Während der Religionskriege begann der Verfall des Mont St. Michel; ein
Abt brannte mit der Klosterkasse durch, das Kloster geriet immer mehr in einen desolaten
Zustand. Im 17. Jahrhundert übernahm der Mauristenorden den Mont, den er reformieren
sollte. Aber auch er bewies wenig Geschick. In der französischen Revolution wurde der
Berg säkularisiert und zum Gefängnis umfunktioniert, was er bis 1863 auch blieb. 1874
wurde er zum schützenswerten historischen Monument erklärt, restauriert und gewann
wieder an Bedeutung. Seit 1966 leben wieder Mönche auf dem Mont St. Michel.
Seit einigen Jahren ist der Mont vom
Verlanden bedroht. Die zwei Kilometer lange Deichstraße, die vor 120 Jahren gebaut wurde,
verhindert, dass u.a. die Schlickablagerungen, die der Cousnon heranträgt, ihren Weg ins
Meer finden. Jährlich werden ausserdem mehr als eine Million Kubikmeter Sand in der Bucht
angeschwemmt, die durch den Straßendamm an Ort und Stelle gehalten werden. Die Sand- und
Schlickschicht um die Insel ist inzwischen 15 Meter hoch.

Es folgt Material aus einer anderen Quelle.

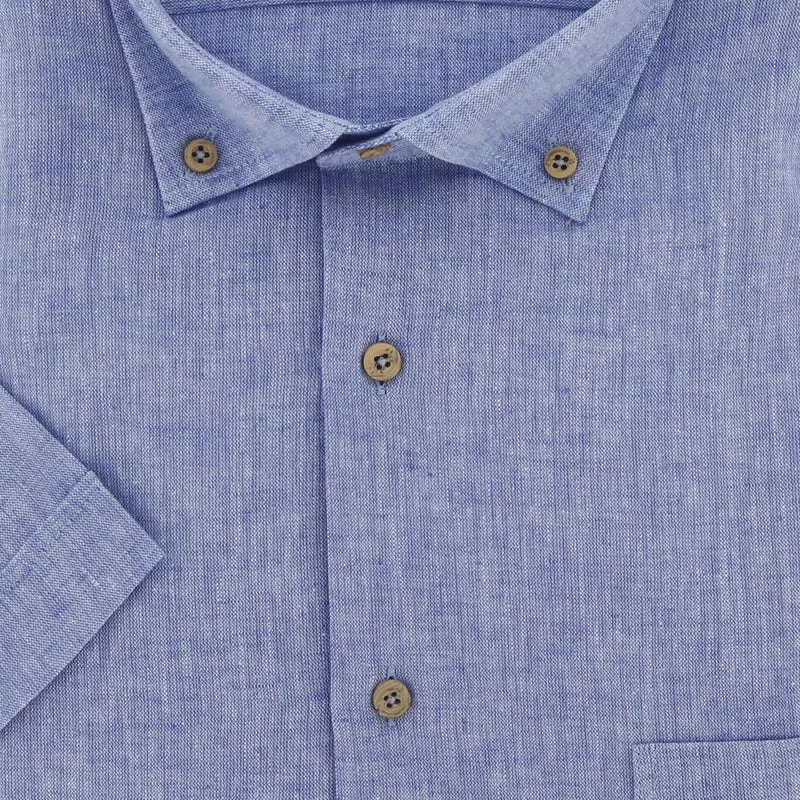 Chemise homme grande taille lin et coton coupe droite COTOLINO Doublissimo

Seit Königin Elisabeth II von England, die 1970 zusammen mit
Staatspräsident Pompidou zu einem Besuch auf dem Mont war, sich erstaunte, dass dieser
"keine Insel mehr" sei, will man den Damm durch eine Brückenkonstruktion auf
Stelzen ersetzen. Ausserdem sollen die Parkplätze direkt an der Abtei verschwinden und
aufs Festland verlagert werden.
Sehenswürdigkeiten
Abteikirche
Das große Problem beim Bau der Kirche war die Form
des Untergrundes: Der Mont St. Michel ist immerhin ein relativ spitz nach oben laufender
Berg - und die Kirche, die heute dort oben steht ist hundert Meter lang. Es galt also,
einen Untergrund zu schaffen, der groß und stabil genug ist, eine Kirche und Räume für
Mönche und Besucher zu tragen.
Hier ist deutlich die Entwicklung von der Romanik bis zur Spätgotik
erkennbar. Die Kirche wurde 1022 begonnen und war ursprünglich um drei Jochbögen
länger. Das Haupt- und das Querschiff sind in frühromanischem Stil gestaltet. Das
Hauptschiff wurde nach der Eroberung durch die Normannen (William - 1066) vollendet
und diente als Abteikirche der englischen Könige. Die Kirche ruht
auf drei Krypten, diese wiederum auf den Mauern der ebenfalls zur Krypta umgewandelten
alten karolingischen Kirche (Notre-Dame-sous-Terre) aus dem 10. Jahrhundert.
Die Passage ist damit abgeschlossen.